Exercise brief - Would you transcribe exactly the lines from the one containing "foxany black seedling" to the last line of the data below, both ends included, but none of the pictures?

▬▬▬▬▬▬

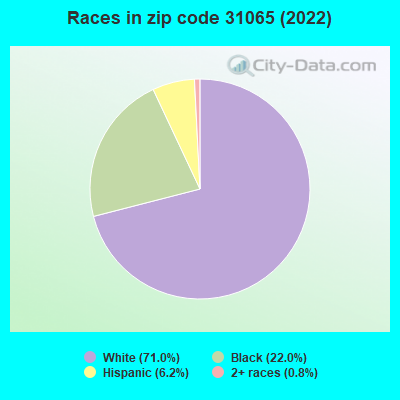 Races in zip code 31065 (2022)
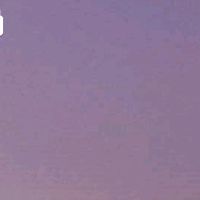 user10939279938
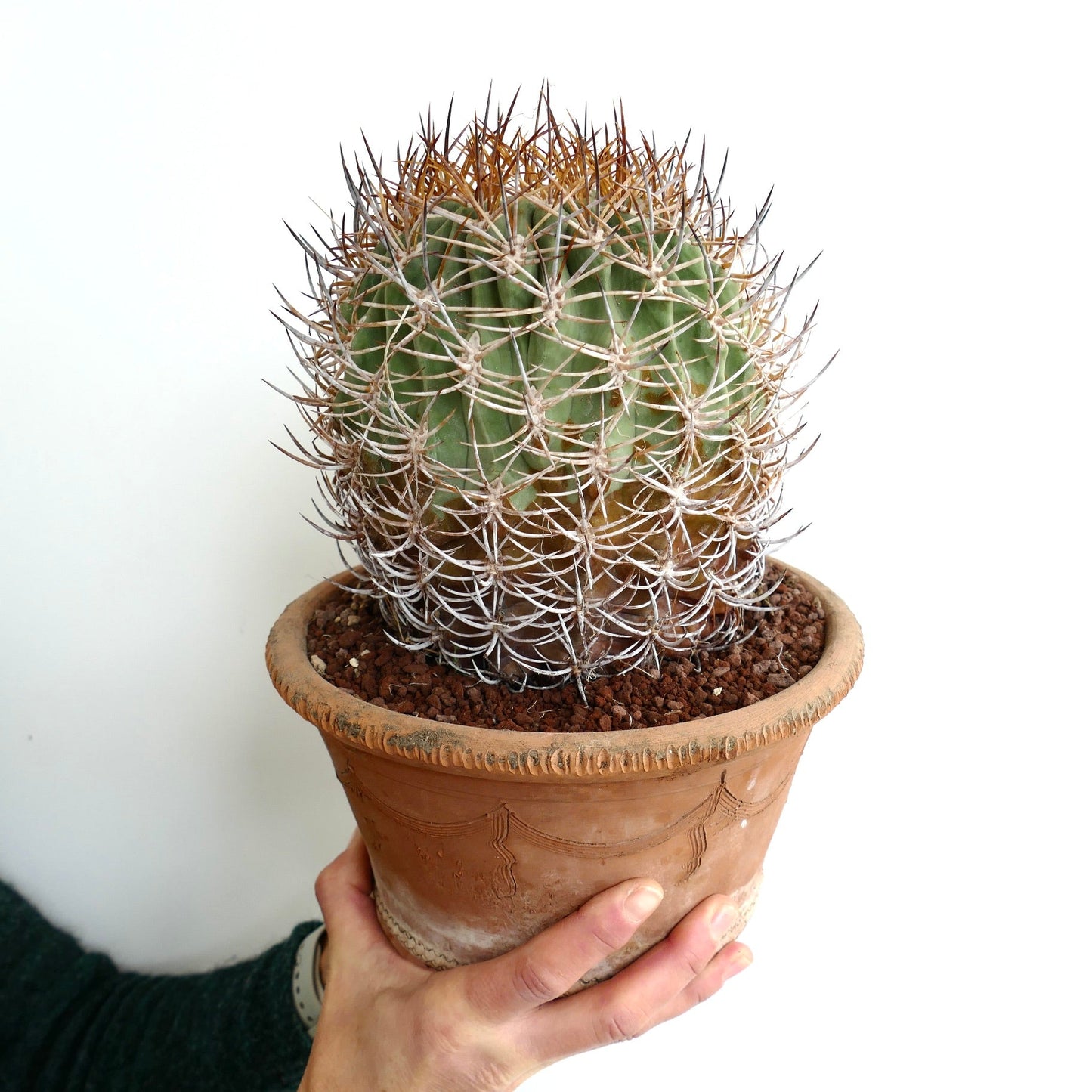 Eriosyce atacamensis VERY OLD PLANT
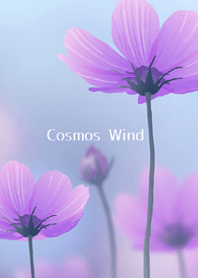cosmos wind ～ 秋桜の風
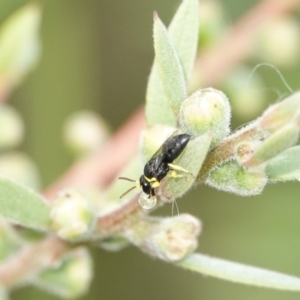 Hylaeus (Gnathoprosopis) euxanthus at Hall, ACT - 6 Mar 2024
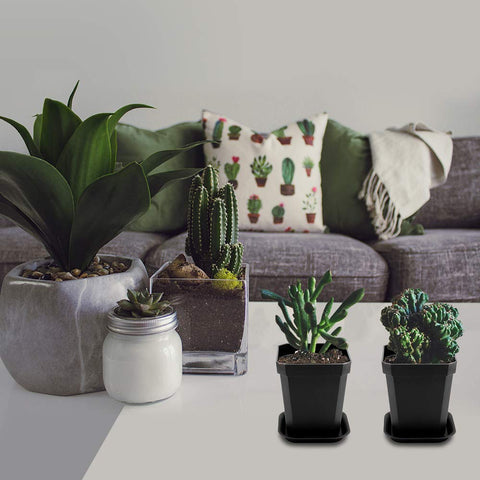 foxany black seedling pots in bright light, ideal for plant lovers
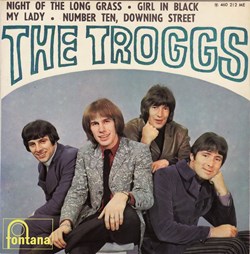 The Troggs - Night of the long grass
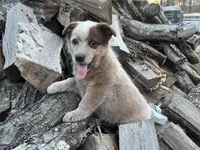 Jip , a male Australian Cattle Dog for sale in Edwards, MO – Photo 2 of 10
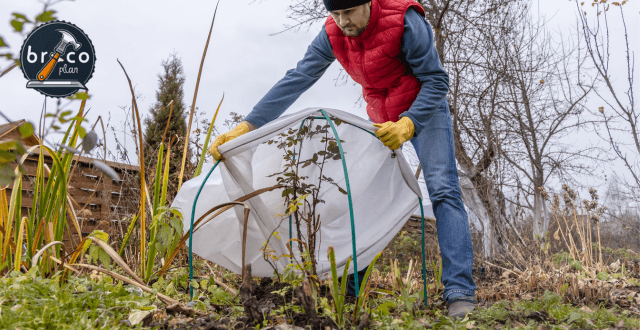 Preparar tu Jardín para Invierno - Guía, Herramientas y Trucos - Bricoplan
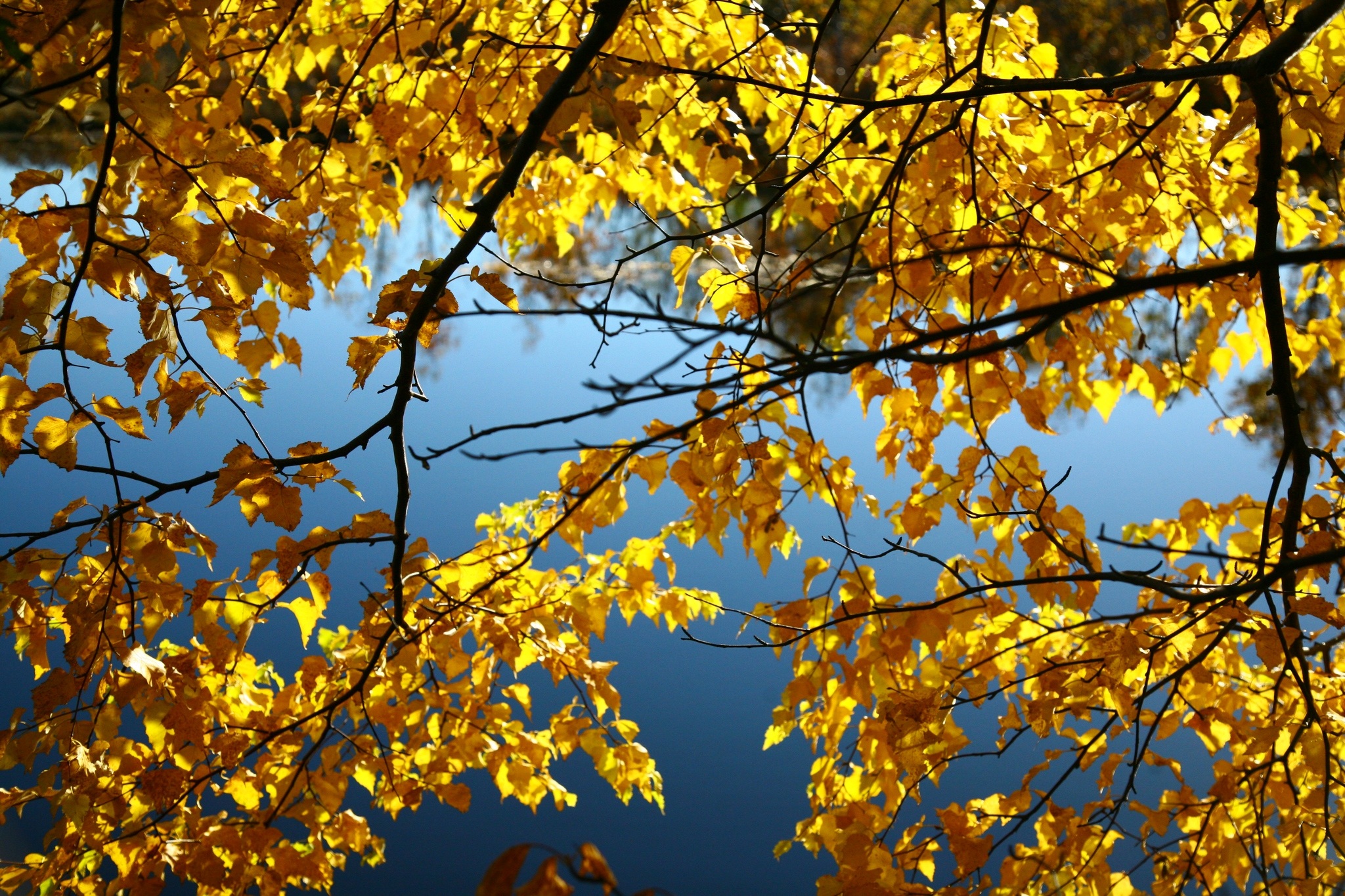 Закат желтый золотой листва опадает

▬▬▬▬▬▬

Task answer -
 foxany black seedling pots in bright light, ideal for plant lovers
 The Troggs - Night of the long grass
 Jip , a male Australian Cattle Dog for sale in Edwards, MO – Photo 2 of 10
 Preparar tu Jardín para Invierno - Guía, Herramientas y Trucos - Bricoplan
 Закат желтый золотой листва опадает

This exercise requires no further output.